From 1996 to 2000, Captain Tom Clonan, a serving officer in the Irish military, conducted doctoral research into the status and roles assigned female personnel in the Irish Armed Forces.

As a male officer in a male-dominated organisation engaged in counter insurgency operations in Ireland and peace-enforcement operations abroad, the researcher did not fit the traditional, paradigmatic notion of a ‘feminist researcher’ as described in much of the literature on feminist research.

The researcher’s initial findings were perhaps unsurprising and broadly consistent with the hypothesized outcomes for women and minority groups within work-place settings with little or no commitment to equality.
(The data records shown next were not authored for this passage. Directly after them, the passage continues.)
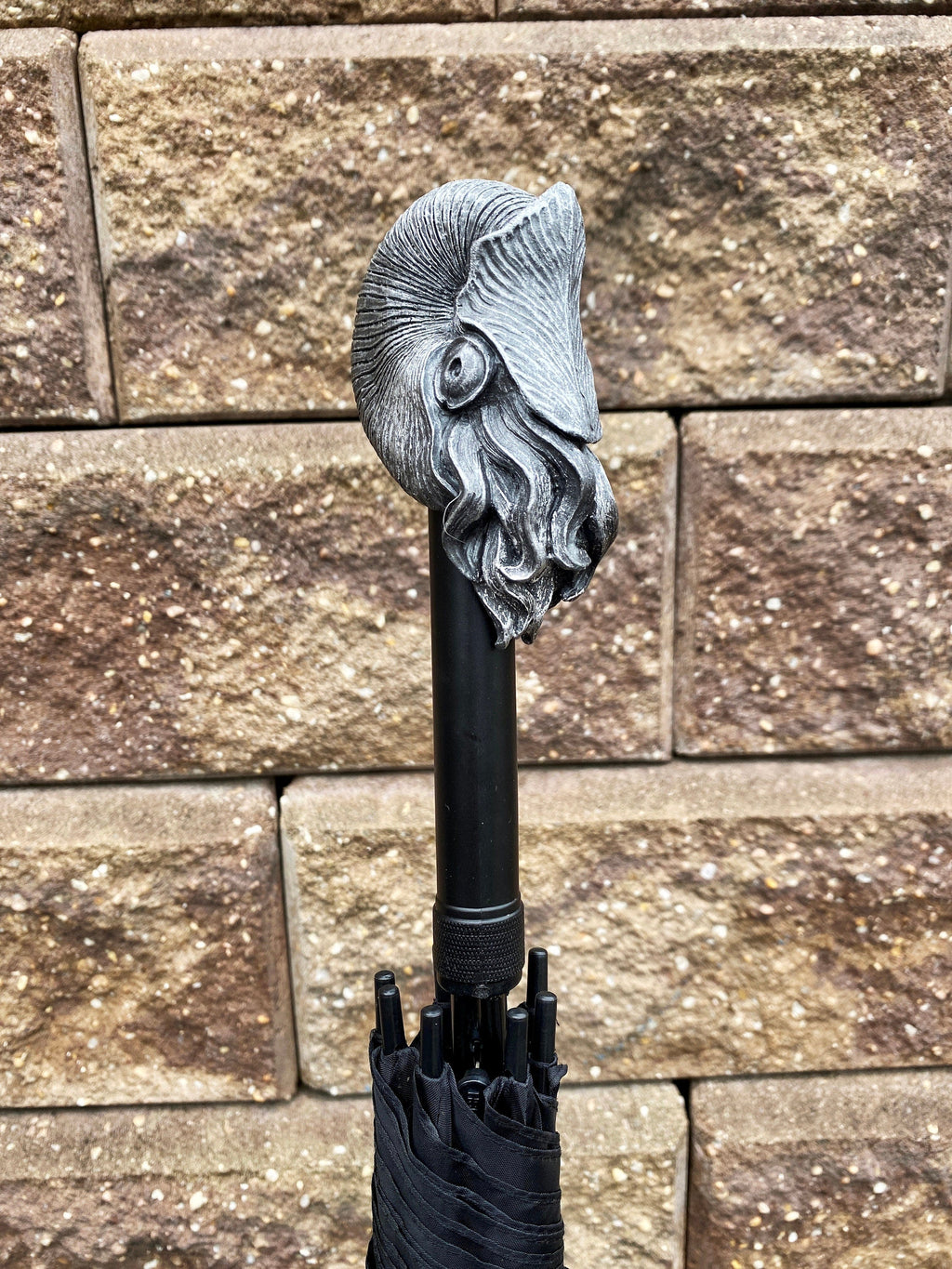 Nautilus Umbrella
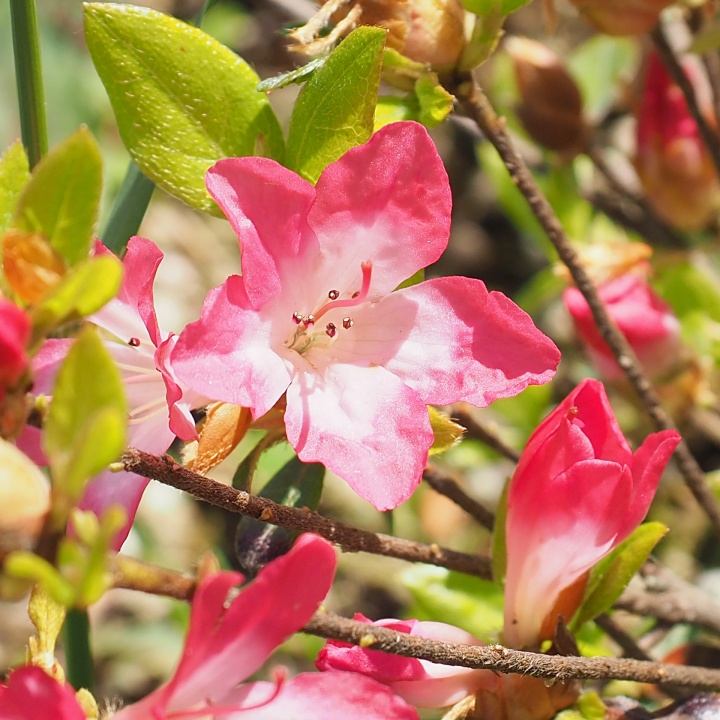 Izumi-no-Mai Kurume azalea flowers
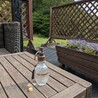 茶々丸の母
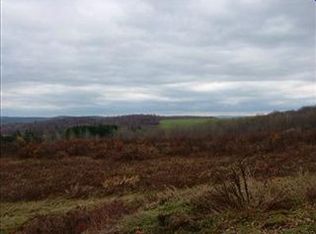 3082 County Highway 16, Burlington Flats, NY 13315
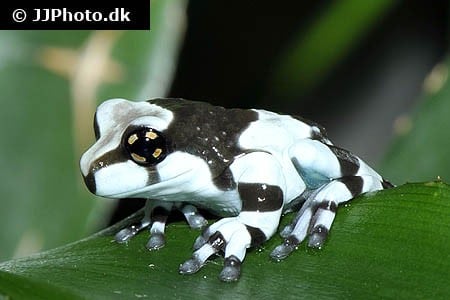 Mælkefrø "trachycephalus resinifictrix"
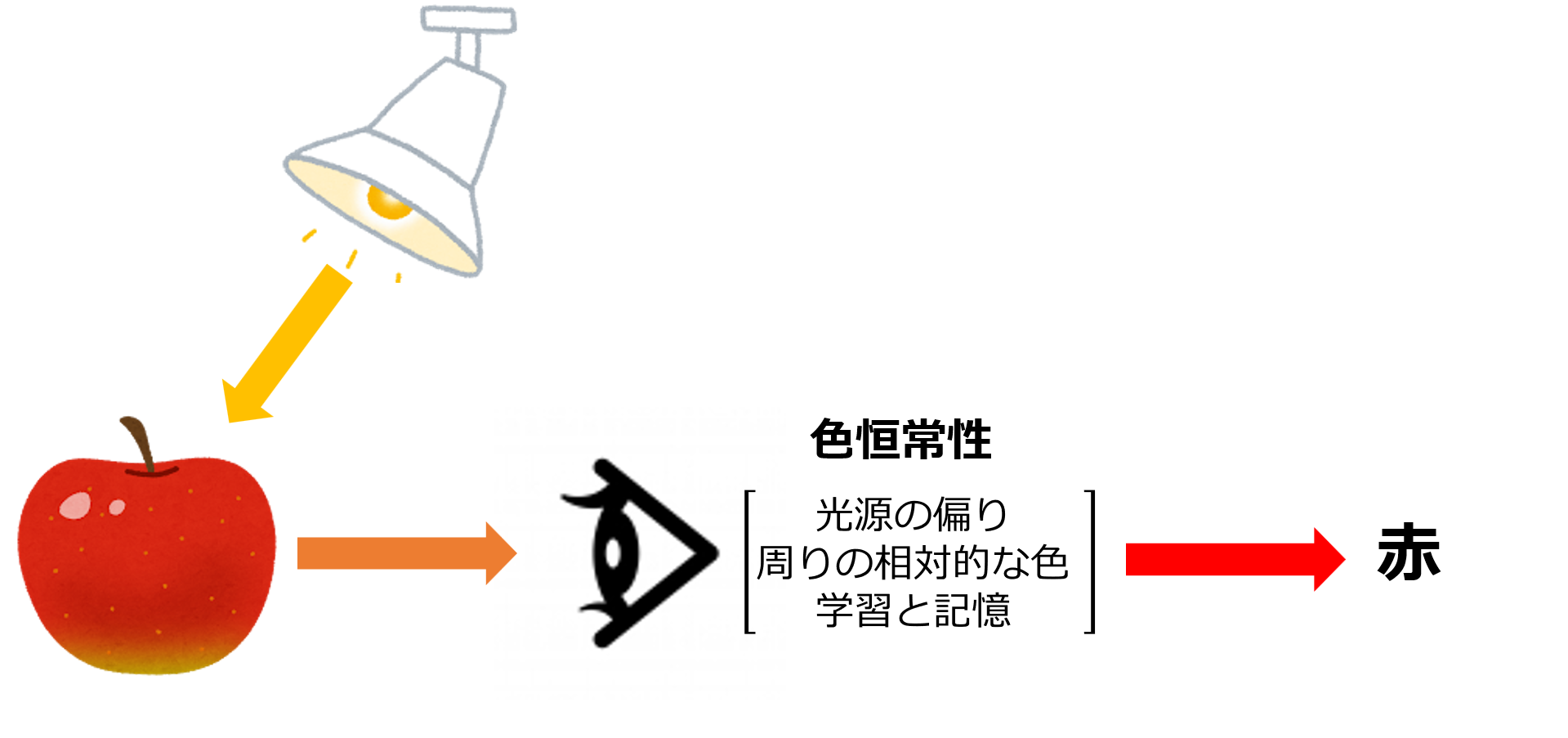 色恒常性の図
The research revealed an organisation which actively and explicitly discriminated against female personnel in a systematic fashion. An audit of the deployment of female personnel within the armed forces revealed a ‘pristine’ gender division of labour.

Unanticipated findings also became apparent with clear evidence of military policies and standard operating procedures – as they applied to female soldiers - which were contrary to Irish and EU legislation. Many of these policies were also in direct contravention of the Geneva Conventions.

Other unanticipated findings included the discovery of widespread bullying, harassment, sexual harassment, sexual assault and rape of female soldiers by male colleagues. The manner in which the researcher established these findings also flies in the face of the conventional wisdom of the literature on feminist research methodology - particularly as it applies to structural power differences between male researchers and female research participants.

As a result of conducting this feminist research, the author was ostracised by his military colleagues. The Irish military authorities used the Irish print and electronic media to refute the findings of his research and engaged in a highly publicised strategy of character assassination throughout 2001. (This ‘whistleblower reprisal’ was dealt with in an Irish state radio (RTE) documentary broadcast in September 2007)

In 2003 an independent Irish government report vindicated Dr. Clonan's findings. This paper will outline the consequences for Dr. Clonan of conducting feminist research in a sensitive and secretive setting. It will suggest ways in which feminist theory and the literature on feminist research methodology might benefit from an analysis or consideration of both the positive and negative impact that feminist research might have on male or female researchers and their subjects.